(Scraped caption text data)
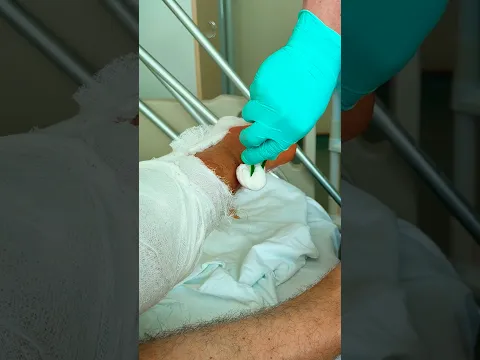 СКОЛЬКО СТОИТ ОПЕРАЦИЯ В МОСКВЕ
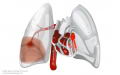 Tromboembolismo Pulmonar (Obstruccin Arterial Pulmonar) [C. Cardiovas.]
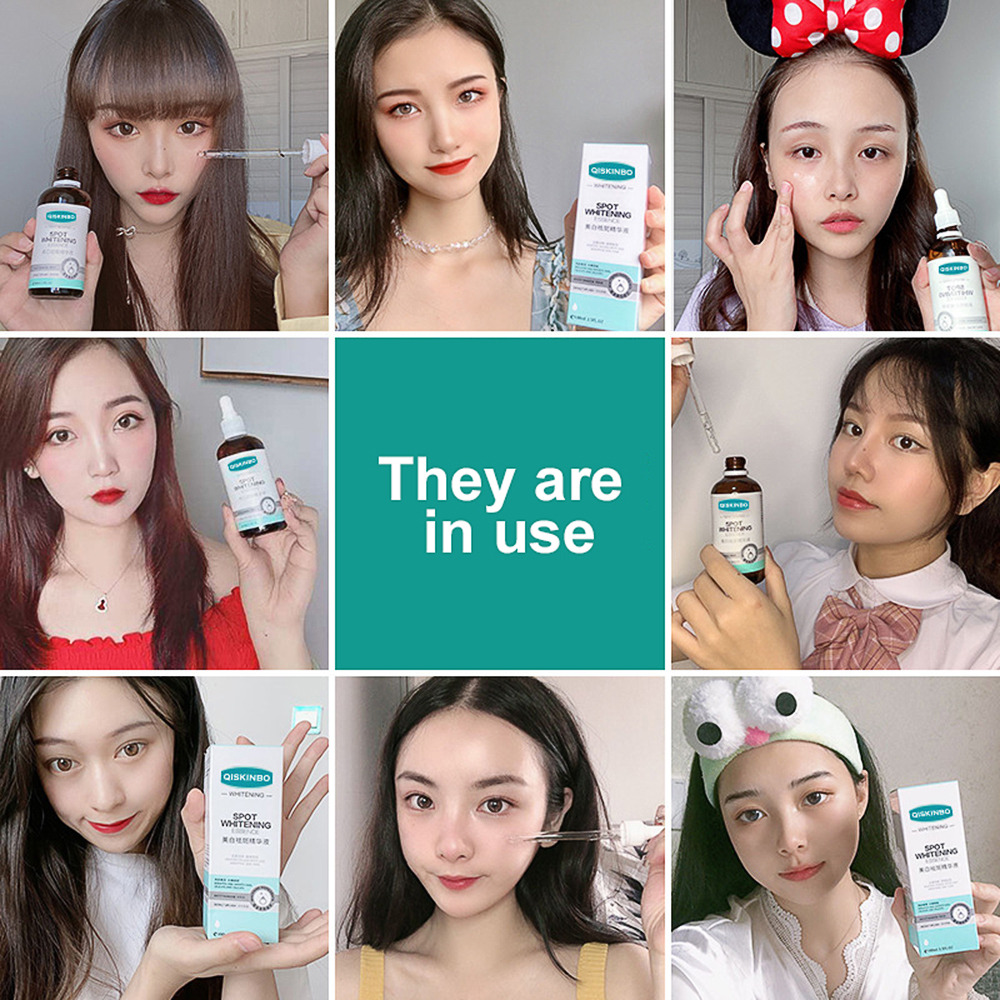 100ml Whiten Freckle Essence Remove Melasma Cream Remove Dark Spots Melanin Melasma Remover Brighten Skin Anti Aging Skin Care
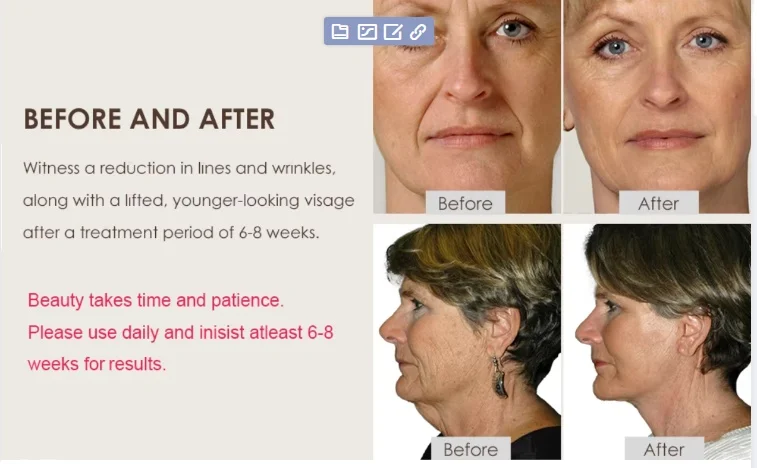 COZING household Instrument Led Anti Wrinkle Face Lift Machine Facial Device For Lifting Tighten Skin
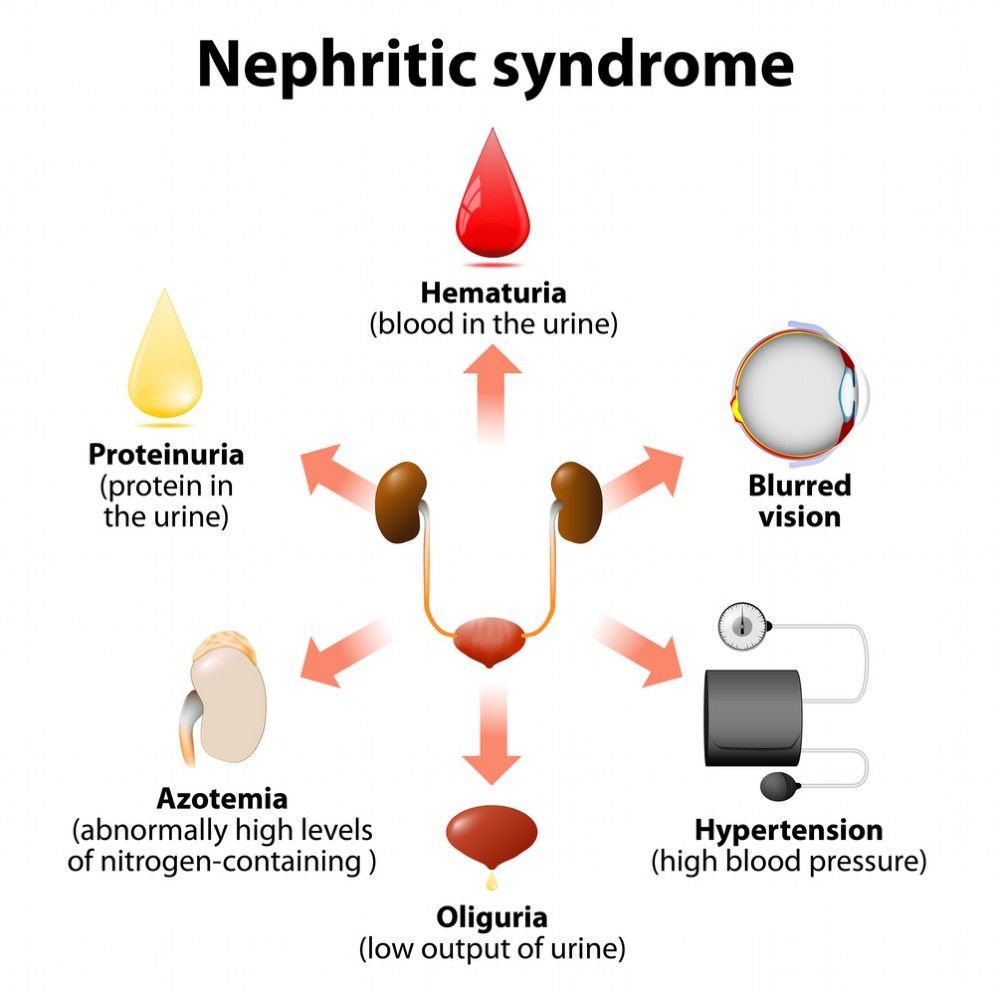 Sindrome Nefritica
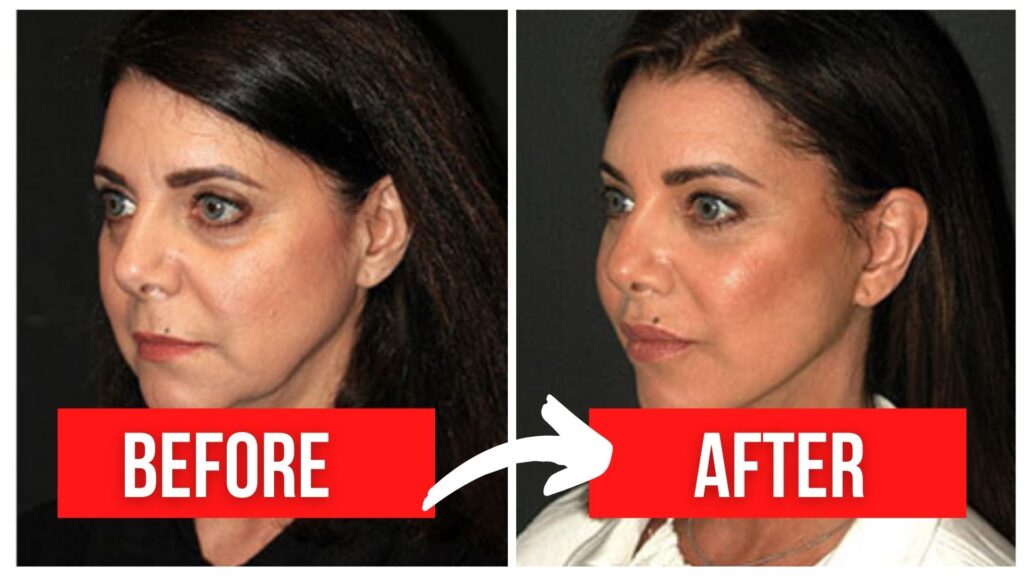 Botox BrowLift Before And After Photos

### WHAT THIS TASK INVOLVES
From the first line to the last, output the data exactly, without the pictures.

### EXERCISE ANSWER
 СКОЛЬКО СТОИТ ОПЕРАЦИЯ В МОСКВЕ
 Tromboembolismo Pulmonar (Obstruccin Arterial Pulmonar) [C. Cardiovas.]
 100ml Whiten Freckle Essence Remove Melasma Cream Remove Dark Spots Melanin Melasma Remover Brighten Skin Anti Aging Skin Care
 COZING household Instrument Led Anti Wrinkle Face Lift Machine Facial Device For Lifting Tighten Skin
 Sindrome Nefritica
 Botox BrowLift Before And After Photos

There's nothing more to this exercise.